人と車の関係を見てみると、人は車で移動するために、山を切り開き道路を舗装して車が走れる道を作ります。つまり自然環境を改造して、車の環境に合わせています。これは言ってみれば技術が未熟だからで、どこでも走れるような車が開発されれば、自然環境を変える必要がなくなるでしょう。また、現在車椅子が通れるように段差をなくして平らにして、建物などを改造して車椅子が動きやすいような環境を作っています。でも車椅子そのものが高機能化すれば、車椅子専用に環境を改造しなくてもよくなると思います。
考え方を変えてみると、目が悪い人のために全ての文字を大きくしますか?ということです。目が悪い人は眼鏡をかけたりして環境を変えずに解決しています。人間には誰にも得意不得意な部分があります。目が悪いのはその人の個性であり、不得意な部分です。それを補うために眼鏡があるのです。足が悪いのも個性です。私は車椅子そのものを特別なものにしたくないと思っています。
バリアフリーといいますが、物理的なバリアフリーの前に、人の気持ちのなかで体の自由な人と不自由な人を仕切らないようにしてほしいと思います。私は中学生のときに病気で車椅子を使う生活を経験しました。そのときに自分が行きたいところには自分で行きたい、自分でやれることは自分でやりたいと痛切に感じました。小さいころからロボットを作るのが夢でしたから、このとき体が不得意な部分は機械で補えばいいと考えました。環境に合わせるために科学技術を使うのです。車輪では行けないところが多いですが、車椅子に足が生えていたら野山でも自由に行けます。足椅子ロボットを作りたいと思っていました。

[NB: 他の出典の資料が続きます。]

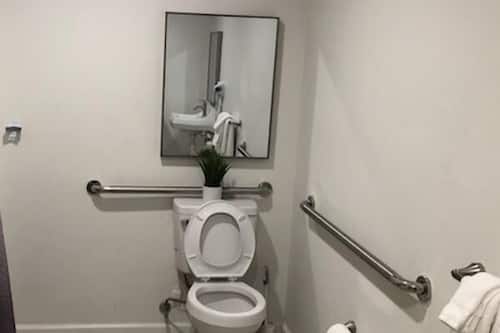 Standard Single Room | Bathroom | Combined shower/tub, hair dryer, towels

眼鏡はさまざまなデザインのものがあります。かっこいい眼鏡をかけると気持ちがよくて、自慢したくなります。眼鏡はファッションや文化になっています。車椅子も人の不得意な部分を補うだけでなく、ファッションや文化に融合させたいと思います。移動ができるだけの福祉用の機械ではなくて、車椅子を「未来の乗り物」にしたいのです。
技術そのものがどんなに優れていても、人が主役になれるものでなければ意味がありません。不自由が不自由でなくなる技術が人を幸せにできると考えています。私は「目に見えないところに本質がある」という幼少時代をインドで過ごして知り合った日蓮宗のお坊さんの教えを今も大切にしています。「人を幸せにするロボットとは何か」と考えながら、体の不自由さを補う役割を果たすロボットの開発をしています。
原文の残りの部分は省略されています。